Work instruction:
Return the lines of the data below starting at the one holding "Snapshot of rinah856024" and ending at the one holding "Quais são os jogos de amanhã", word for word, leaving every picture out.

Record extracts:
------------------------

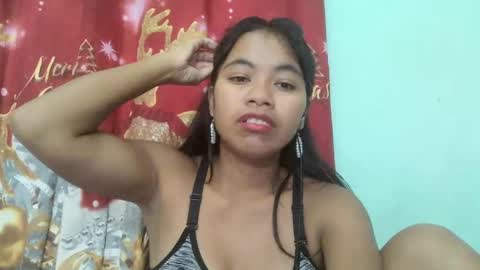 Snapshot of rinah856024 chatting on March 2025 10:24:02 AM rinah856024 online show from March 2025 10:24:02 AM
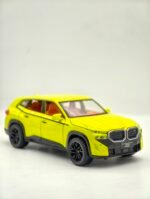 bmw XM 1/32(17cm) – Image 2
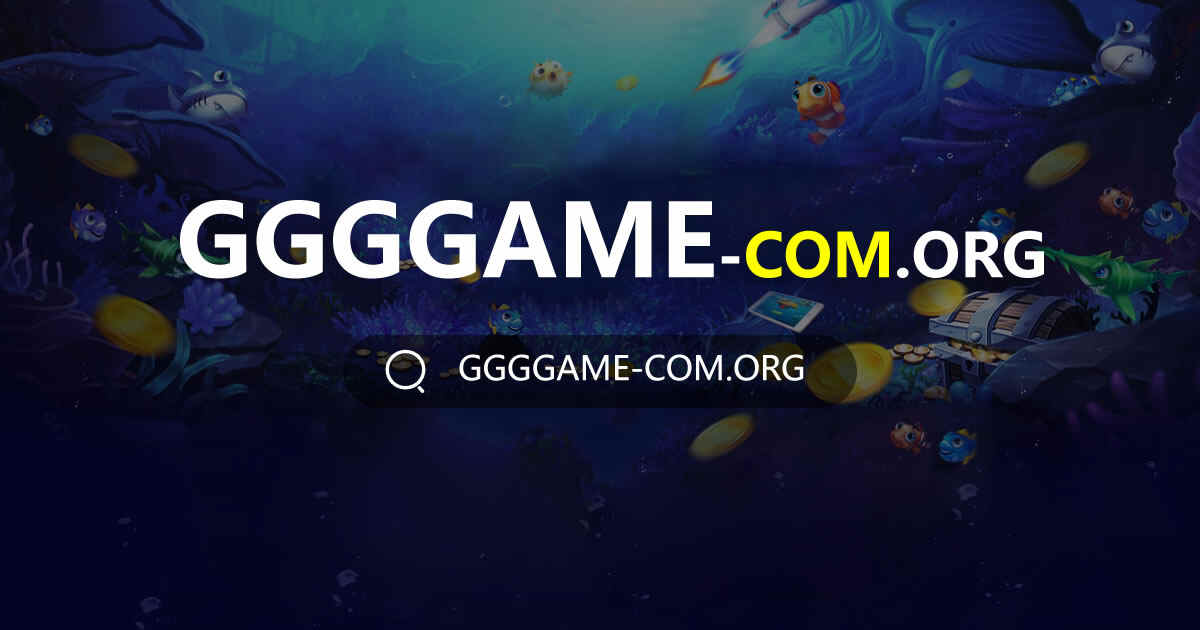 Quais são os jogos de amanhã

------------------------

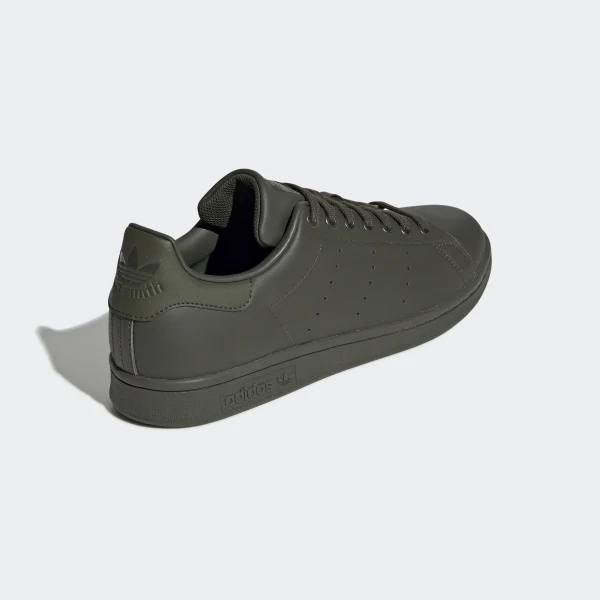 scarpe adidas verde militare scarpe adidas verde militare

------------------------

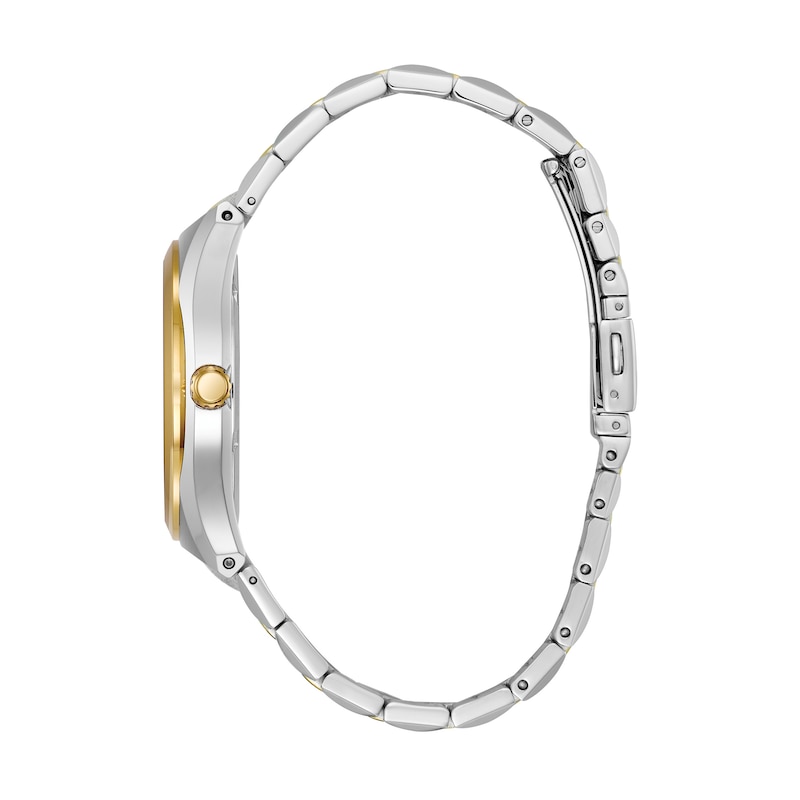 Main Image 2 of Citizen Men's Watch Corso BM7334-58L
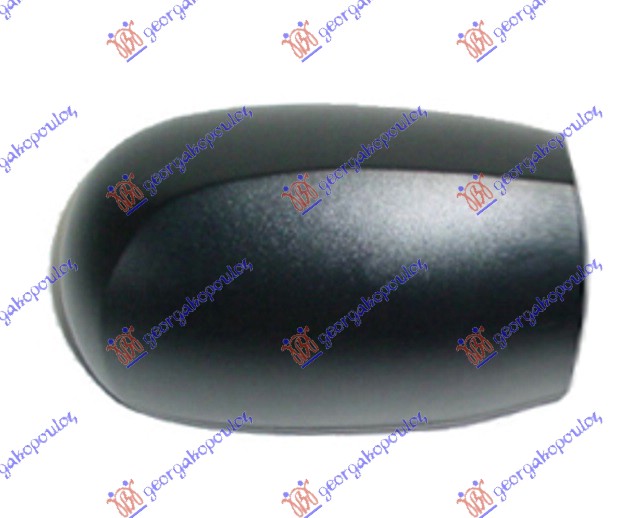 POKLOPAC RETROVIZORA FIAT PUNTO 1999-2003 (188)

------------------------

Written response:
 Snapshot of rinah856024 chatting on March 2025 10:24:02 AM rinah856024 online show from March 2025 10:24:02 AM
 bmw XM 1/32(17cm) – Image 2
 Quais são os jogos de amanhã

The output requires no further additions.